Featuring the surprise returns of a certain baggy-jeaned rapper, NCT 127 recently made one of their most exciting returns yet with their 6th full album WALK. Fear not: the group’s leader’s absence for military service won’t stop the album from happening with all voices present. It seems like even if Taeyong was on the moon, they’d find a way to get his lines over the radio transmission. Or they’d just record in advance as they evidently did here. Still.
We checked the facts, now we’re cruisin’ to a summer beat – 127 style – with this comeback’s titular song, “Walk”. For one of the most recognisable lineups of voices in a boy group, it’s great to hear almost each one of the boys make their own catchy spin on the hook: “I’m a bit rusty, a bit dusty / I walk like I forgot how to / Don’t care ’bout a thing, I just walk how I feel like / Walking squeaky like I’m broken”.

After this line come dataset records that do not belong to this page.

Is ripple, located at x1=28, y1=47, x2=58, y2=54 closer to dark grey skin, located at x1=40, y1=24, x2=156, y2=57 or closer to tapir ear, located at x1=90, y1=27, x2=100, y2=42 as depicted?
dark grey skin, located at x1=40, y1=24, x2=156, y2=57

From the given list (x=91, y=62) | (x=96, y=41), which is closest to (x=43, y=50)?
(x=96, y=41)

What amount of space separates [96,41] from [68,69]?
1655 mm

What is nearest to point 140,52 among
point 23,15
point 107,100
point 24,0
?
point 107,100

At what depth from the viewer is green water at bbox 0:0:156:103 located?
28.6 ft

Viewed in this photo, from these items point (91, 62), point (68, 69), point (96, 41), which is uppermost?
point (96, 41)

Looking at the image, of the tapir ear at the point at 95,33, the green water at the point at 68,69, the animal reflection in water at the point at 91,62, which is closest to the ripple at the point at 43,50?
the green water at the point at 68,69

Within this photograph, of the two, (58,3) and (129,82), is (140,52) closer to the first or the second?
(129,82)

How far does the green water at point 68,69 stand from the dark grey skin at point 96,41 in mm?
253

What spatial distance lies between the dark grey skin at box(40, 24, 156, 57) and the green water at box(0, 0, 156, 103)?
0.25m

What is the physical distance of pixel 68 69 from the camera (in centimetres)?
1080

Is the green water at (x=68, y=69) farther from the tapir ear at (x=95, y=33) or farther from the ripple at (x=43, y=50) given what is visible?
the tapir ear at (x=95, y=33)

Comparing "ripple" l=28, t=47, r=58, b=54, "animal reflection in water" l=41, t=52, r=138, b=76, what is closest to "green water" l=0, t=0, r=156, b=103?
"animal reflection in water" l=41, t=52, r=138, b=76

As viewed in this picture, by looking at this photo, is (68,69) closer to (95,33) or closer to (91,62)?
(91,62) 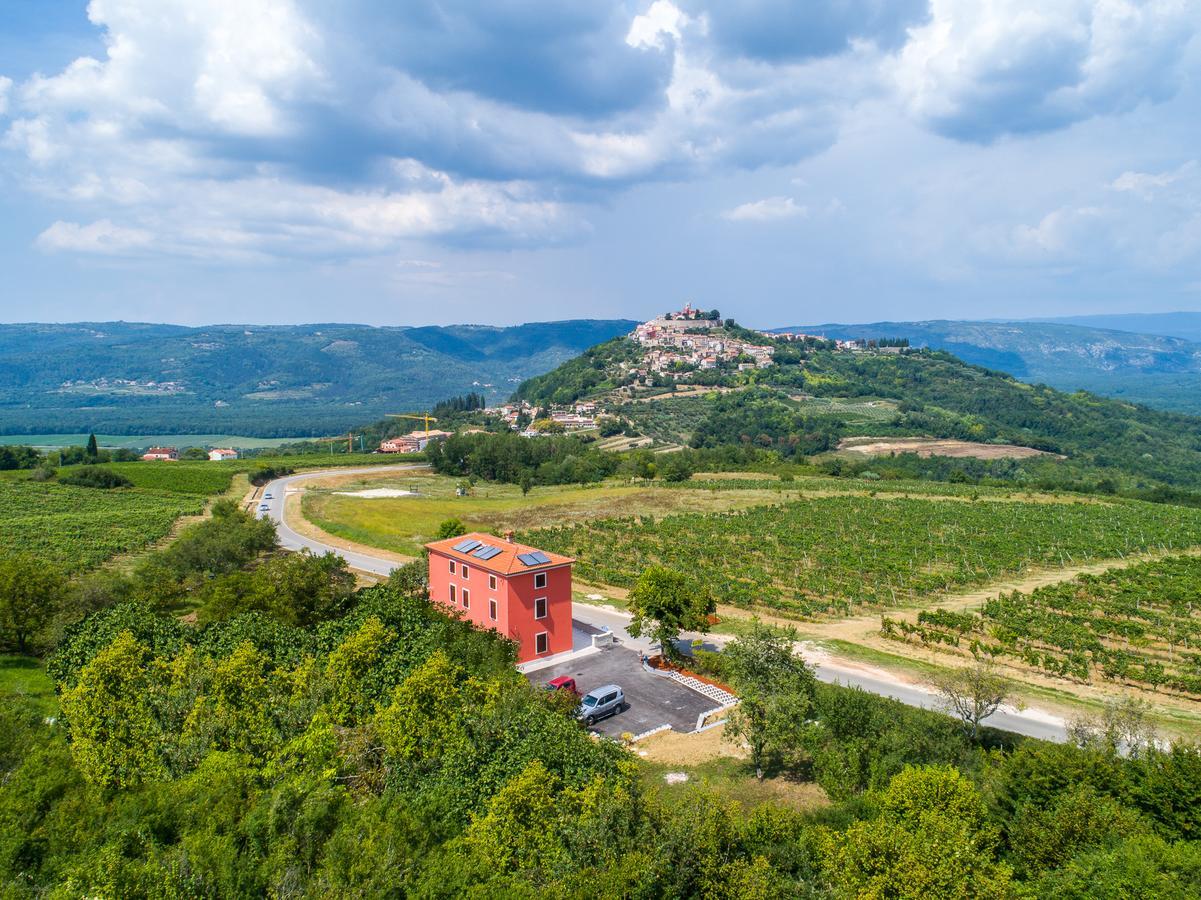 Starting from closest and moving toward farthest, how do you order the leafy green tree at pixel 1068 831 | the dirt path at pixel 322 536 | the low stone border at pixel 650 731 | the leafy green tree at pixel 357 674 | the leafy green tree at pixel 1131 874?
the leafy green tree at pixel 1131 874 → the leafy green tree at pixel 1068 831 → the leafy green tree at pixel 357 674 → the low stone border at pixel 650 731 → the dirt path at pixel 322 536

It was a good call to get virtually every member trying out the chorus: these boys are simply too fun to listen to. Taeyong’s rich huskiness is a polar opposite to Jungwoo’s nasal timbre, and Haechan voice sounds like chocolate gained sentience and took up singing. If NCT 127 were confident before, that confidence flows in every beat now. The members who might’ve had just one or two gimmicky lines in the past have completely solidified their place – and not one of them is left out. Not only is this good for the fans who care deeply about line distributions, it works better musically, too. Everyone in the group brings something truly marvellous to the table.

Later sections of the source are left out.